It's the 8 adn 11yo children who use the microwave most of all, and I think that's a lot safer than the stove, especially with the toddler roaming, tall enough to reach the stove.

But I do appreciate the reminder, at least for my own purposes


----------



## Ellien C (Aug 19, 2004)

Quote:


Originally Posted by *PancakeGoddess*
It's the 8 adn 11yo children who use the microwave most of all, and I think that's a lot safer than the stove, especially with the toddler roaming, tall enough to reach the stove.

But I do appreciate the reminder, at least for my own purposes









oh - good point. I have a set of 1-cup glass containers from Pampered Chef that I've been using to store things. I think they'd work in the microwave.


----------



## Ann-Marita (Sep 20, 2003)

I second the recommendation of Corelle. They are tough and break-resistant, microwave safe, lightweight (so DD can handle a stack of them at a time when she unloads the dishwasher), and stack compactly (compared to the stonewear we had before).
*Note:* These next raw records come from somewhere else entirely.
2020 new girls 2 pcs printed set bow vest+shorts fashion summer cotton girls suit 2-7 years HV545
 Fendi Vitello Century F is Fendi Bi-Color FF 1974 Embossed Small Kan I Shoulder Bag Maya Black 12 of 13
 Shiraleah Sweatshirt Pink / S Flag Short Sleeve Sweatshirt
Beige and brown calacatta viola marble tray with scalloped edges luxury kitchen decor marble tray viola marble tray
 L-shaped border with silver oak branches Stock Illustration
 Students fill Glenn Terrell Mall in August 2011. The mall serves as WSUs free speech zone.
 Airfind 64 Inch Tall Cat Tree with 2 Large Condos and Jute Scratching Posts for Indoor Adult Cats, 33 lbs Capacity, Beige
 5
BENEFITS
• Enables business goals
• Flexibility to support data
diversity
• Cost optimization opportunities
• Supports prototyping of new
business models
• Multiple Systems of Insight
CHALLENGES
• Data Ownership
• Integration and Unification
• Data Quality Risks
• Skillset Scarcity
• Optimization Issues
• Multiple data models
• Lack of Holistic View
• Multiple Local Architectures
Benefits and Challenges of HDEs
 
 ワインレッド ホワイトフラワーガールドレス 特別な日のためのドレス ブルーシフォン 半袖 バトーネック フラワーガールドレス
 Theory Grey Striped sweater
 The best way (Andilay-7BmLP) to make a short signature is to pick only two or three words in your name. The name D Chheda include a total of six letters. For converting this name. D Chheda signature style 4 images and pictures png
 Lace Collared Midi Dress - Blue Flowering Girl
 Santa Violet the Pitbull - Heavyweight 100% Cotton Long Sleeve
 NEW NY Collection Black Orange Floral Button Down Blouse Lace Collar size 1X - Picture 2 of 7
Plus, they are fairly inexpensive.


----------



## carolm22117 (Nov 9, 2005)

I'll third the Corelle.
We had a set of plain beige Corelle dishes. I think we broke one dish from it and that was from a boy dropping a skateboard on it. We had a bowl out in the van for months (noone would bring it inside) and it kept getting dropped out of the van onto concrete and it never broke, didn't even chip!


----------



## PancakeGoddess (Oct 8, 2004)

The bottom line is, can my toddler pitch it off his tray onto our vinyl kitchen flooring - not totally hard but certainly not soft... ??

If so, that would totally work for us. Thanks everyone!


----------



## seraf (Feb 1, 2002)

Dedicated to the cause I am.

I just thrice threw a bowl off a highchair onto our linolium floor. I knew they stand up to our wood floor. And now I know that they stand up to the kitchen floor, too.

Seraf

Edited for spelling


----------



## Trishy (Oct 15, 2002)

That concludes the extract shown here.